Un article du Washington Post, lu chez le dentiste, m’apprend comment des chercheurs coréens, membres du très sérieux World Institute of Kimchi, basé à Gwangju cherchent à adoucir l’odeur soufrée du kimchi. Le but : séduire un public toujours plus grand de consommateurs aux États-Unis. Ce mélange de chou fermenté, d’ail, de piment et de sauce poisson rebuterait les nez délicats. Le développement de sa consommation mondiale en souffrirait.
Kimchi – Je savais l’aliment tendance, inscrit en bonne place sur la liste de ce qu’il faut consommer pour une vie saine, dans le vent, sur la côte Ouest comme Est. Tapez kimchi dans votre moteur de recherche et vous découvrez immédiatement tous les bienfaits qu’il peut vous apporter. Source de fibres, riche en lactobacilles, vitamines A et B, calcium, fer. Un aliment de choix dorénavant vendu chez Sprout et Trader Joe’s, les chaînes de supermarchés bio américaines. Parmi la centaine de sortes, le baechu kimchi reste le plus populaire. Les ingrédients sont à peu près toujours les mêmes – chou chinois fermenté avec du radis blanc, de la sauce poisson, de l’ail et du piment – et pourtant les goûts diffèrent en fonction des savoirs faire de chacun et de la recette familiale. Une famille – une signature de kimchi.
Un aliment tendance, pourquoi pas ! En tant que Coréen, j’avoue que cet engouement mondial autour de notre plat national me fait plaisir.
D’aussi loin que je me souvienne, je mange du kimchi. J’en ai goûté avant même de savoir parler. Pour les Coréens, il n’y a pas de repas sans. Je le préparais soigneusement dans mon petit studio parisien à mon arrivée en France, il y a quinze ans. A l’époque, le kimchi que je trouvais était beaucoup trop cher pour l’artiste sans argent que j’étais. Ce plat quotidien était devenu un luxe. Il me manquait tellement ! J’ai appris à jouer sur le temps de fermentation, la quantité de sel pour obtenir des saveurs différentes et subtiles. Heureusement, ces temps sont révolus, le kimchi n’est plus une denrée rare à Paris.
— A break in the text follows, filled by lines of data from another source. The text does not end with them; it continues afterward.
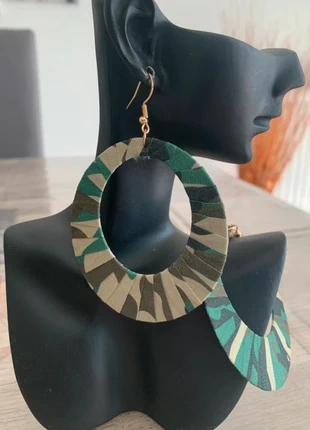 Boucles d’oreilles pendantes ovales imprimées camouflage, marca: Tendance, estado: Muy bueno, 7,90 €, 9,00 € Protección al comprador Pro incluida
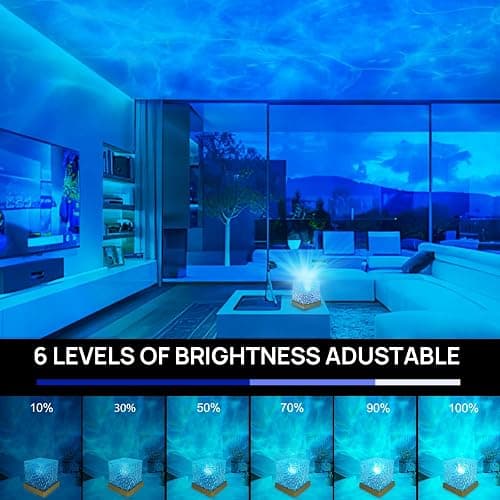 ZLDYPINK Ocean Wave Projector Light, 16 Colors Luminorthe Cube Lamp, 3D Holographic Water Ripple Lamp with Remote Control, Night Light for Bedroom, Home, Party Mood Lighting thumbnail 3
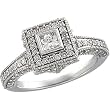 14K White Gold Diamond Engagement Ring - 1.20 Ct.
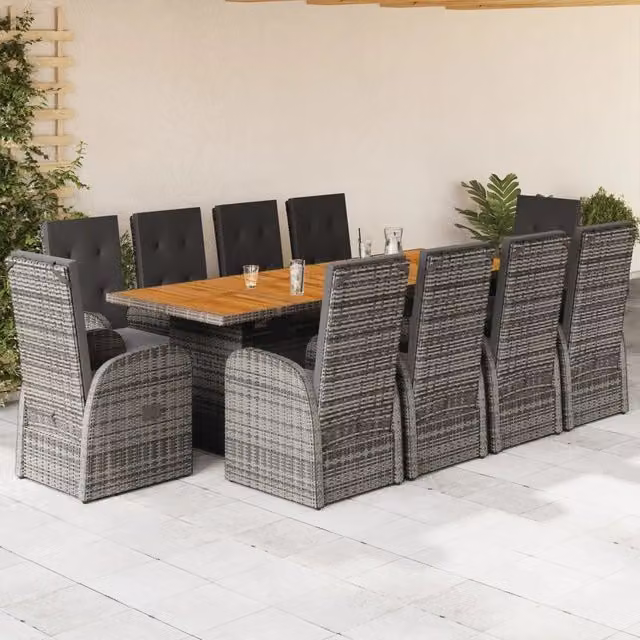 Set da pranzo da giardino vidaXL in legno di acacia e polyrattan grigio con 11 pezzi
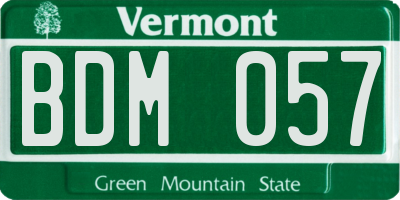 VT license plate BDM057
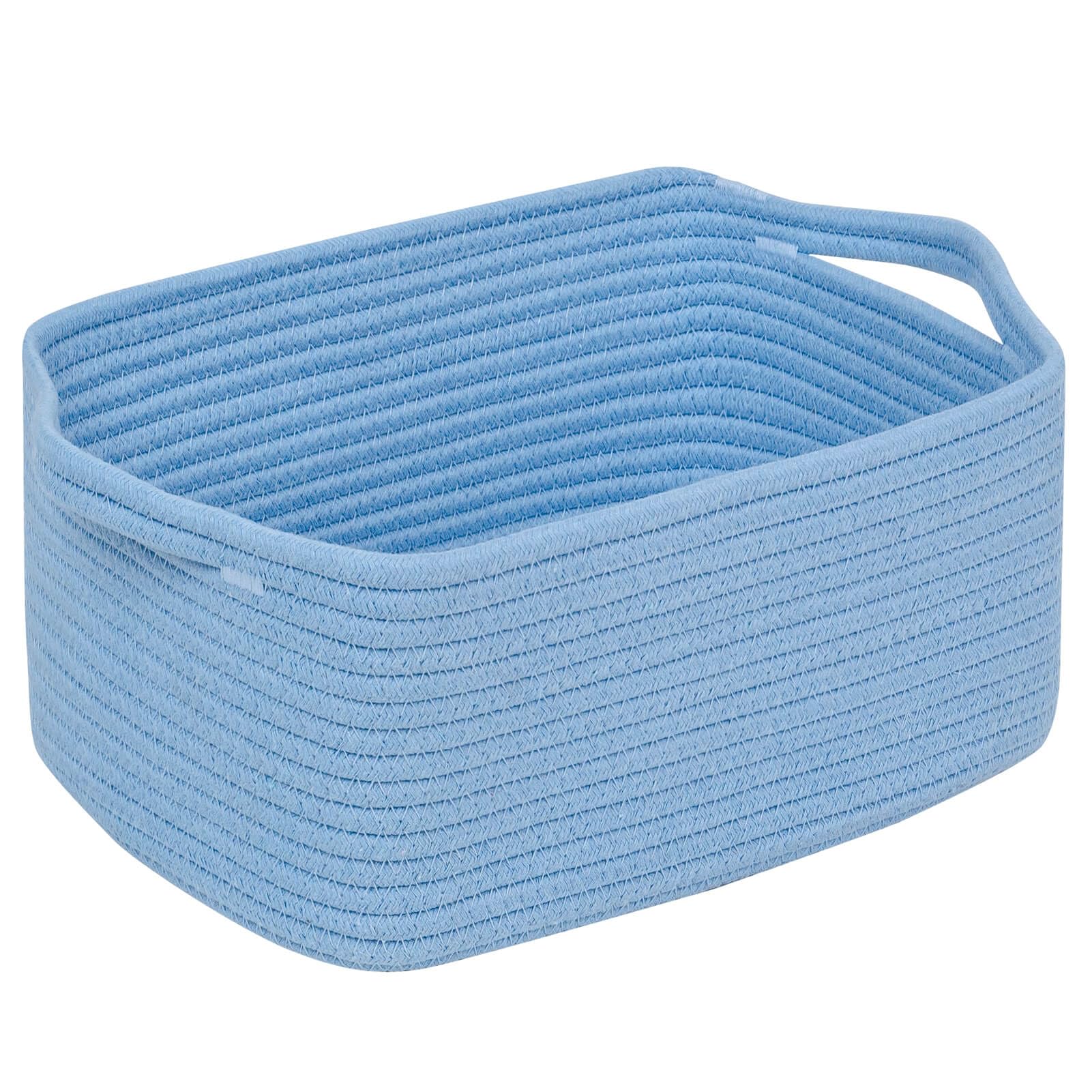 Photo 1 of CubesLand Cube Storage Organizer Basket Bin, Cube Shelf Shelves Cotton Rope Basket, Durable Woven Rectangular Basket for Organizing, Nursery Toys Basket, 14x10x7.08IN Blue Basket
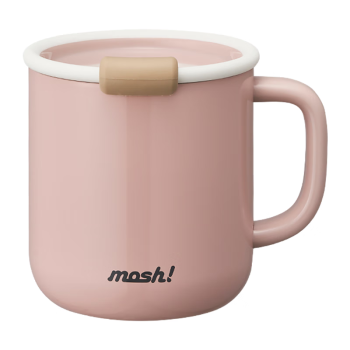 mosh!304不锈钢马克杯高颜值咖啡杯带手柄办公室水杯子 草莓粉 可定制
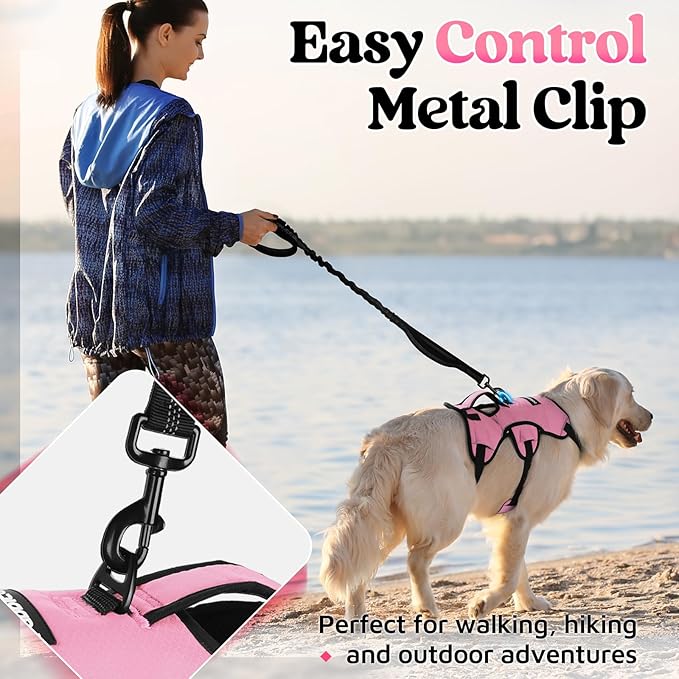 rabbitgoo Escape Proof Dog Harness Medium, Soft Padded Full Body Pet Harness, Reflective Adjustable No Pull Vest with Lift Handle and Leash Clip for Walking Hiking Training, Light Pink, M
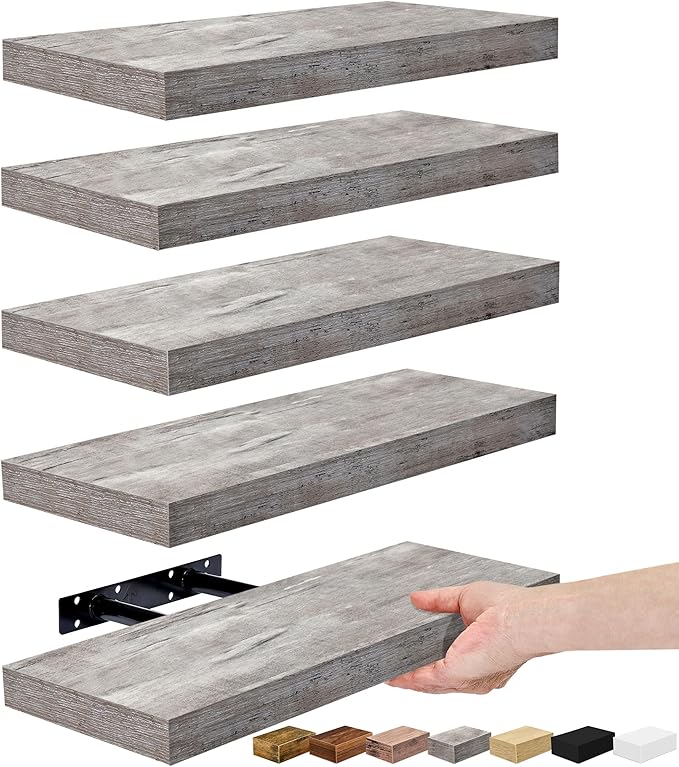 Sorbus Floating Shelves for Wall, Bathroom Shelves Wall Mounted for Kitchen, Bedroom, Living Room, Bathroom Storage, Over Toilet, Hanging Book Shelf for Ｗall Home Decor (Gray, 5 Pack)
Ce matin-là, en lisant l’article du Washington Post, je me suis aussitôt revu enfant, à 4 ans, lorsque ma famille a quitté la Corée pour s’installer aux Etats-Unis. A chaque dîner nous mangions du kimchi. Même lorsque nous allions en pique-nique avec nos voisins coréens, nous en emportions. Enfants, nous buvions du coca-cola avec et c’était franchement mauvais ! La pire association gustative qui puisse exister. Une sorte de choc culturel auquel nous avons fini par nous habituer. La semaine, le kimchi n’était jamais servi au déjeuner. Ma mère pensait que cela donnait mauvaise haleine et nous n’en mangions jamais avant de partir en société, d’aller travailler ou à l’école. Nous voulions nous intégrer et ne pas être mal jugé à cause d’une odeur d’ail et de chou. Tout ceci peut sembler paradoxal car dans le même temps, il y a toujours eu quelque chose de sacré autour du kimchi. Il symbolise le fait d’être coréen, d’appartenir à la famille. Ma mère prône même cette théorie selon laquelle si les coréennes sont si belles, c’est grâce à lui : faible en calories et riches en vitamines, idéal pour entretenir naturellement ligne et peau de pêche. A la fois nous étions fiers de notre plat national et à la fois nous avions peur du regard des autres dans ce nouveau pays où nous devions nous intégrer.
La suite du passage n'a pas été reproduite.